Most entries into the debate about whether or not it's worth it to go to college focus on the financials. How much debt will you incur? Will you land a job that allows you to easily pay it off? Which degrees lead to higher salaries? As if college should be reduced to an accounting exercise.

To complicate matters, the field of software engineering has a history of producing billionaire college drop-outs: Bill Gates, Steve Jobs, and Mark Zuckerberg, and graduate school dropouts Larry Page and Sergey Brin. Of course, all of these billionaires started college, and besides, the vast majority of college drop-outs never achieve even millionaire status (survivorship bias). People also have the belief that it is entirely possible to be a self-taught software developer, and on the face of it, they're right, it is possible.

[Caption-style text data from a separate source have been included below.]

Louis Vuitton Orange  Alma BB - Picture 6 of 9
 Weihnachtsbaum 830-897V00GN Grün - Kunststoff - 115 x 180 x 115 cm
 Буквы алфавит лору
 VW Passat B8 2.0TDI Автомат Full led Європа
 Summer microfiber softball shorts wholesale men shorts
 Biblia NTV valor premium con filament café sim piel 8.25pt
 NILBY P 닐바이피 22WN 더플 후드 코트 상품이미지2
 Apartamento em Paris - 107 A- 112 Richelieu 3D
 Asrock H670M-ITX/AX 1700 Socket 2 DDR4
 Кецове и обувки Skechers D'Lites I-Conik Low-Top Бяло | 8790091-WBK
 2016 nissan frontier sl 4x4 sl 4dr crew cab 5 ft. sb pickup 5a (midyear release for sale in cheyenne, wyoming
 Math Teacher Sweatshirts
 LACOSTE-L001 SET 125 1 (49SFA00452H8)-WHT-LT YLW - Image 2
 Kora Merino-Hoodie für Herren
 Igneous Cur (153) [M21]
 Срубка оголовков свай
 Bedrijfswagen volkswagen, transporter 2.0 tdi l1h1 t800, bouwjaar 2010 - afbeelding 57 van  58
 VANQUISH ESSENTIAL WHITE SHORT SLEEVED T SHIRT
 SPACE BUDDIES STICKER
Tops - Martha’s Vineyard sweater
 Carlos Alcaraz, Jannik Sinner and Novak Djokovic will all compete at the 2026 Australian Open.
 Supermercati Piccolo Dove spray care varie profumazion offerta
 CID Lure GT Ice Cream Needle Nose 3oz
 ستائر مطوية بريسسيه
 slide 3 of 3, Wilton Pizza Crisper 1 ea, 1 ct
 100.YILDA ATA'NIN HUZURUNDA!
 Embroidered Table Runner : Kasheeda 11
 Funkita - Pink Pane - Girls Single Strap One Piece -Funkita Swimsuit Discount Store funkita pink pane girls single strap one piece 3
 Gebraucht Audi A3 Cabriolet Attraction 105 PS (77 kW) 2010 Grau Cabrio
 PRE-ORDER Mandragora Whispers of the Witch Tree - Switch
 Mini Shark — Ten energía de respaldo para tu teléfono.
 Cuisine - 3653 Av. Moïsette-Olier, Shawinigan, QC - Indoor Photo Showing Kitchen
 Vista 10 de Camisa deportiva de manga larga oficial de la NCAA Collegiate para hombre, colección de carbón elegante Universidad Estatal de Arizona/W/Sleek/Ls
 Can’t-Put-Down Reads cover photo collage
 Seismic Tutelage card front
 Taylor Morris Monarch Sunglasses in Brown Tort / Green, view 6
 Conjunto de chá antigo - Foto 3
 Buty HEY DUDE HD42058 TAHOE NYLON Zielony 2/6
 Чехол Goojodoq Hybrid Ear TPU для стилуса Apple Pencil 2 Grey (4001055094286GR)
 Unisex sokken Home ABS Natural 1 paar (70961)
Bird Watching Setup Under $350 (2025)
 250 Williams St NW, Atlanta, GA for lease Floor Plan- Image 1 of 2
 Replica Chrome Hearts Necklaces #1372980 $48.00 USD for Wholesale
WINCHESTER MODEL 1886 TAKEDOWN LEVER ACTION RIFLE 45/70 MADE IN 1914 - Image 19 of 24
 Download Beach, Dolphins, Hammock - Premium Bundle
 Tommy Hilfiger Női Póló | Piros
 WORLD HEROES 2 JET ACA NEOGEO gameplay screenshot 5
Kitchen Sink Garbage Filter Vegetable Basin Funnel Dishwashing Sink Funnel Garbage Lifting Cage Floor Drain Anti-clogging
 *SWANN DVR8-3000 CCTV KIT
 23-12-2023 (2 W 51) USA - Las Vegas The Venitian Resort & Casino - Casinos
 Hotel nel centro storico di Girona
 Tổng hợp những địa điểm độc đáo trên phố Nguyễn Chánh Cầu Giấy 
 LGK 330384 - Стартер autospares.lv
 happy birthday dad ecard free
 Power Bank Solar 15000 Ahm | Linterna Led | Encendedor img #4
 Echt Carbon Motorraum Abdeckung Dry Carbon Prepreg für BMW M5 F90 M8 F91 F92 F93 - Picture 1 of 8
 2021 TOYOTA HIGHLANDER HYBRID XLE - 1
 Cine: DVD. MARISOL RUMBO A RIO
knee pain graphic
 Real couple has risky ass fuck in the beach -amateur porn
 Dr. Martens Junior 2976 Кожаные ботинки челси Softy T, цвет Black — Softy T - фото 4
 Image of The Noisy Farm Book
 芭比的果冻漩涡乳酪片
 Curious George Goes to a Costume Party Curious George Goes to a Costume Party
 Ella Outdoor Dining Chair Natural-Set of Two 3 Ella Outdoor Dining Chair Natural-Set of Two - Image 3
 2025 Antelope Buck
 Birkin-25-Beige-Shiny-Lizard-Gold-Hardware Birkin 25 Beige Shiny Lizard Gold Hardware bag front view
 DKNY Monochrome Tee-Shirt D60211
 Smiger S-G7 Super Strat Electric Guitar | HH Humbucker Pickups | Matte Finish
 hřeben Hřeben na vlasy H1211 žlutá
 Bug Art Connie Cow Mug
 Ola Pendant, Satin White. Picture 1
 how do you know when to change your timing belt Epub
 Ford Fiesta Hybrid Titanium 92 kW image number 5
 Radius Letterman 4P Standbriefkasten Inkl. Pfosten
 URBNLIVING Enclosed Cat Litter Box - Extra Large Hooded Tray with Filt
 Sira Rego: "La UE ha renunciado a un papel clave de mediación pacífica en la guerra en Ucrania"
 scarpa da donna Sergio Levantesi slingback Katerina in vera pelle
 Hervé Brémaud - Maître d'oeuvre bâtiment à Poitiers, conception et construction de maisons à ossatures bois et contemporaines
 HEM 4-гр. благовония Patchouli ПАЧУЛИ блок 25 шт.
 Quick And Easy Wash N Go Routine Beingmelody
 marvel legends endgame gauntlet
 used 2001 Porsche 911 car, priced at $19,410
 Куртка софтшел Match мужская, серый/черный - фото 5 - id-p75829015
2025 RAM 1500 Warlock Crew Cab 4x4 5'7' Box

Especially with today's online resources from MOOCs (Massive Open Online Courses) such as edX and Coursera to coding sites such as Codecademy and Treehouse, not to mention all of the blogs, books, and tutorials out there, learning how to program is well within reach for $2,000 or less so why spend $60,000 or more on a 4-year college education?

I think there's something missing from all of this financial analysis of college, and HN commentor threatofrain, in a debate about online learning resources, gets at part of it:
I have a feeling a lot of why people fail with these online resources is motivation, and I think it's why Khan Academy, while it is a forward-looking treasure of education, has failed to achieve revolution despite dramatically improving the access of education.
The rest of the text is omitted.